Música brasileira

Anitta, EQUILIBRIVM II e a volta ao Brasil como projeto pop

O álbum de 2026 amplia a fase mais brasileira de Anitta com samba, funk, fé, convidados de várias gerações e um debate cultural que vai além do lançamento musical.

Anitta sempre soube transformar lançamento em acontecimento. Em EQUILIBRIVM II, porém, o ponto mais interessante não é apenas a escala do projeto, nem a lista de convidados, nem o audiovisual costurado para ampliar a experiência. O que faz o álbum importar culturalmente é a decisão de reposicionar uma artista global dentro de um vocabulário brasileiro sem tratar esse Brasil como ornamento turístico.

A pauta é pop, mas não é só sobre celebridade. EQUILIBRIVM II chega em 2026 como continuação direta de EQUILIBRIVM, lançado em abril, e aprofunda temas que já estavam no centro da fase: espiritualidade, ancestralidade, amor, corpo, cura e pertencimento. O disco reúne samba, funk brasileiro, reggae, forró, bossa nova, MPB, referências afro-brasileiras e vozes de diferentes gerações. É um movimento arriscado porque tira Anitta da zona mais óbvia do pop internacionalista e a coloca em diálogo com tradições que exigem cuidado, contexto e escuta.

Anitta cantando durante apresentação ao vivo em um palco iluminado.
Anitta em apresentação ao vivo, dimensão central de sua trajetória pop.

O que está confirmado

A divulgação oficial da Universal Music Brasil apresenta EQUILIBRIVM II como o nono disco de estúdio de Anitta e como continuação do projeto lançado em abril de 2026. A mesma fonte informa que a nova leva de faixas conta com Maria Bethânia, Alceu Valença, Mart’nália, MC Tha, Alexandre Carlo, Mestrinho, King Saints, Los Brasileros, Katú Mirim, Letícia Fialho, Brô MC’s, Kbrum e Grupo Ofá.

Há uma pequena diferença de apresentação entre plataformas e divulgação. A Universal trata o lançamento como chegada na quinta-feira, 23 de julho de 2026, com material audiovisual disponibilizado na virada para sexta-feira, 24. A Apple Music lista EQUILIBRIVM II em 23 de julho de 2026 como um pacote de 32 músicas, com 1 hora e 33 minutos, reunindo discos 1 e 2. Já a tracklist nova destacada pela Universal tem 17 faixas: Você Já Sabe, Sal Grosso, Não Me Cutuca, Eu Não Sou Santa, Feitiço, Ponta do Pé, Abre Caminho, Tudo Isso, Sem Pressa, Deus Mãe, Ogum Me Rodeia, Contemplação, Pra Você Gostar de Mim, Divino Sexual, Azul, Respira e OKE.
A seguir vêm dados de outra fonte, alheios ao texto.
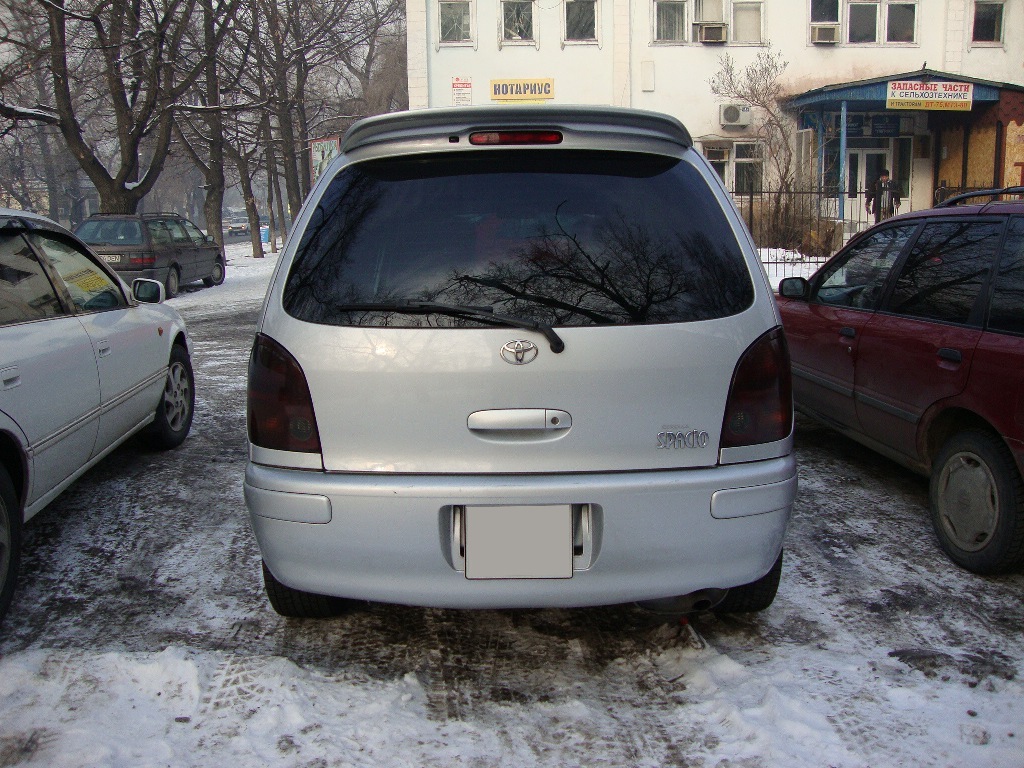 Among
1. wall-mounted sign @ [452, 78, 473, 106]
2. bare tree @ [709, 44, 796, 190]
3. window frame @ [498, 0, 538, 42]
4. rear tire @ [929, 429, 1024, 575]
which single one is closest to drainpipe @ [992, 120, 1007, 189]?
bare tree @ [709, 44, 796, 190]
Também está confirmado que o projeto veio acompanhado de um curta-metragem musical. O gshow informou que o especial Esquenta TVZ EQUILIBRIVM II estreou no Multishow em 23 de julho, às 21h30, seguido por exibição no Globoplay e lançamento no canal da artista no YouTube à meia-noite. A leitura cultural precisa partir desses dados, sem inflar o lançamento com números de audiência, prêmios ou rankings que não estejam confirmados.

Maria Bethânia durante uma apresentação musical.
Maria Bethânia representa a ligação do álbum com uma linhagem profunda da música brasileira.

Uma brasilidade sem vitrine de aeroporto

A palavra brasilidade costuma ser usada de modo raso no pop: uma batida de funk, uma referência tropical, uma roupa colorida, um aceno ao carnaval. EQUILIBRIVM II tenta algo mais denso. A presença de forró, samba, reggae, funk, bossa nova e MPB não aparece como cardápio de exportação, mas como campo de tensão entre tradição e indústria.

A diferença é importante. Anitta construiu parte de sua carreira internacional negociando com idiomas, mercados e formatos globais. Aqui, a estratégia parece invertida: em vez de diluir o Brasil para caber no pop global, o álbum pede que o pop global aceite uma obra mais marcada por signos brasileiros. Isso não significa que tudo seja experimental. O disco continua interessado em refrão, dança, circulação em plataforma e imagem forte. Mas a embalagem pop serve a uma tentativa de centralizar matrizes brasileiras, não apenas citá-las.

Essa escolha conversa com um momento em que artistas brasileiros voltam a disputar narrativa sobre o que significa ser moderno sem abandonar território. O Brasil de EQUILIBRIVM II não é uma paisagem neutra. Ele aparece nas encruzilhadas, nos terreiros, na gafieira, no som de baile, na devoção popular, nas vozes indígenas e nas tradições negras que a música comercial muitas vezes consome sem nomear.

Alceu Valença se apresentando ao vivo com um microfone.
Alceu Valença aproxima o projeto das tradições nordestinas e do imaginário do forró.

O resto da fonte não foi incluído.